═════ DATASET RECORDS

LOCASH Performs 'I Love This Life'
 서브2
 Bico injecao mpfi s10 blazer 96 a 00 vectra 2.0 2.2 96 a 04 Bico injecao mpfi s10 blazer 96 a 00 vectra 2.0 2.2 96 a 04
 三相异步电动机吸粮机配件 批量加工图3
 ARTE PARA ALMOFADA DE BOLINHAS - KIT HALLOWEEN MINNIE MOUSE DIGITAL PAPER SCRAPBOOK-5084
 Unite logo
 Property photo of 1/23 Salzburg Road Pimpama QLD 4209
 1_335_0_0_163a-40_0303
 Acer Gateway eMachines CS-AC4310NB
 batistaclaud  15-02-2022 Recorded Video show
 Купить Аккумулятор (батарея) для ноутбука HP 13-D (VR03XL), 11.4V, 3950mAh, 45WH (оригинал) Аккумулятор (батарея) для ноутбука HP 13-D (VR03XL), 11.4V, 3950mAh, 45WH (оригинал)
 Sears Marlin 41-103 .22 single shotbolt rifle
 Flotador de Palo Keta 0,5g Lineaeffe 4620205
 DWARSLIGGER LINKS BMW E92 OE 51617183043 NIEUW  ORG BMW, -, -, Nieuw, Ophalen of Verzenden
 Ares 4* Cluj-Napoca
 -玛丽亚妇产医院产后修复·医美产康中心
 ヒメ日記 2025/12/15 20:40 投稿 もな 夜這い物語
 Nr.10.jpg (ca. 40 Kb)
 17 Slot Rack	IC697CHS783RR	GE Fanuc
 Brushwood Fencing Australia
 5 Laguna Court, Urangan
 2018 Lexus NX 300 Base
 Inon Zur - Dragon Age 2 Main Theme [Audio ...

══════════

Set down the whole of the material again, exactly.

LOCASH Performs 'I Love This Life'
 서브2
 Bico injecao mpfi s10 blazer 96 a 00 vectra 2.0 2.2 96 a 04 Bico injecao mpfi s10 blazer 96 a 00 vectra 2.0 2.2 96 a 04
 三相异步电动机吸粮机配件 批量加工图3
 ARTE PARA ALMOFADA DE BOLINHAS - KIT HALLOWEEN MINNIE MOUSE DIGITAL PAPER SCRAPBOOK-5084
 Unite logo
 Property photo of 1/23 Salzburg Road Pimpama QLD 4209
 1_335_0_0_163a-40_0303
 Acer Gateway eMachines CS-AC4310NB
 batistaclaud  15-02-2022 Recorded Video show
 Купить Аккумулятор (батарея) для ноутбука HP 13-D (VR03XL), 11.4V, 3950mAh, 45WH (оригинал) Аккумулятор (батарея) для ноутбука HP 13-D (VR03XL), 11.4V, 3950mAh, 45WH (оригинал)
 Sears Marlin 41-103 .22 single shotbolt rifle
 Flotador de Palo Keta 0,5g Lineaeffe 4620205
 DWARSLIGGER LINKS BMW E92 OE 51617183043 NIEUW  ORG BMW, -, -, Nieuw, Ophalen of Verzenden
 Ares 4* Cluj-Napoca
 -玛丽亚妇产医院产后修复·医美产康中心
 ヒメ日記 2025/12/15 20:40 投稿 もな 夜這い物語
 Nr.10.jpg (ca. 40 Kb)
 17 Slot Rack	IC697CHS783RR	GE Fanuc
 Brushwood Fencing Australia
 5 Laguna Court, Urangan
 2018 Lexus NX 300 Base
 Inon Zur - Dragon Age 2 Main Theme [Audio ...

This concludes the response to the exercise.